- _Short text fragments from websites_
⟨
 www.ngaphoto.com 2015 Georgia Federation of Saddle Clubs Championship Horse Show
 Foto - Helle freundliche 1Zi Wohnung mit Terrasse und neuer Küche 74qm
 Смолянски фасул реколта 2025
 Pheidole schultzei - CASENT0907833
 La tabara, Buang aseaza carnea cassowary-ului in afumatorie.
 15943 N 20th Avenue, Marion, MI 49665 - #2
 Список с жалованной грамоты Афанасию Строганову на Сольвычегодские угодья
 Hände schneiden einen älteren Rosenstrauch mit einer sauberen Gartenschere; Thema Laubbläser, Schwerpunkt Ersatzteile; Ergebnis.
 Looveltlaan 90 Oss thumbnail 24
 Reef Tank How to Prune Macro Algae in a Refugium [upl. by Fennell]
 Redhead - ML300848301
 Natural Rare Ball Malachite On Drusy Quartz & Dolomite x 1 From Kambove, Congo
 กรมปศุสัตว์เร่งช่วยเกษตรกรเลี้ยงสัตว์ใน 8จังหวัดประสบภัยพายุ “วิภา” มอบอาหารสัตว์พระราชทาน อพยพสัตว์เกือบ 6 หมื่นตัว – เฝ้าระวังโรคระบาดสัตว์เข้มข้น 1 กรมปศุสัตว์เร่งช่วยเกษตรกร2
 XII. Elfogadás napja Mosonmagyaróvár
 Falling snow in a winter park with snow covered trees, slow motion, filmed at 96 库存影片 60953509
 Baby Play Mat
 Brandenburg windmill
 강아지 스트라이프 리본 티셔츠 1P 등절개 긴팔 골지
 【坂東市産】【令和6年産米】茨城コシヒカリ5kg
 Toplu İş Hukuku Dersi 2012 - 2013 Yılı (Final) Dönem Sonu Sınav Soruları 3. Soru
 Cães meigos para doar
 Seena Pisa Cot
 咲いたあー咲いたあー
⟩
- _WORK TO COMPLETE_
Copy over exactly the lines above from the one with "La tabara, Buang" to the last, both included, and no others.

- _RESPONSE BOX_
 La tabara, Buang aseaza carnea cassowary-ului in afumatorie.
 15943 N 20th Avenue, Marion, MI 49665 - #2
 Список с жалованной грамоты Афанасию Строганову на Сольвычегодские угодья
 Hände schneiden einen älteren Rosenstrauch mit einer sauberen Gartenschere; Thema Laubbläser, Schwerpunkt Ersatzteile; Ergebnis.
 Looveltlaan 90 Oss thumbnail 24
 Reef Tank How to Prune Macro Algae in a Refugium [upl. by Fennell]
 Redhead - ML300848301
 Natural Rare Ball Malachite On Drusy Quartz & Dolomite x 1 From Kambove, Congo
 กรมปศุสัตว์เร่งช่วยเกษตรกรเลี้ยงสัตว์ใน 8จังหวัดประสบภัยพายุ “วิภา” มอบอาหารสัตว์พระราชทาน อพยพสัตว์เกือบ 6 หมื่นตัว – เฝ้าระวังโรคระบาดสัตว์เข้มข้น 1 กรมปศุสัตว์เร่งช่วยเกษตรกร2
 XII. Elfogadás napja Mosonmagyaróvár
 Falling snow in a winter park with snow covered trees, slow motion, filmed at 96 库存影片 60953509
 Baby Play Mat
 Brandenburg windmill
 강아지 스트라이프 리본 티셔츠 1P 등절개 긴팔 골지
 【坂東市産】【令和6年産米】茨城コシヒカリ5kg
 Toplu İş Hukuku Dersi 2012 - 2013 Yılı (Final) Dönem Sonu Sınav Soruları 3. Soru
 Cães meigos para doar
 Seena Pisa Cot
 咲いたあー咲いたあー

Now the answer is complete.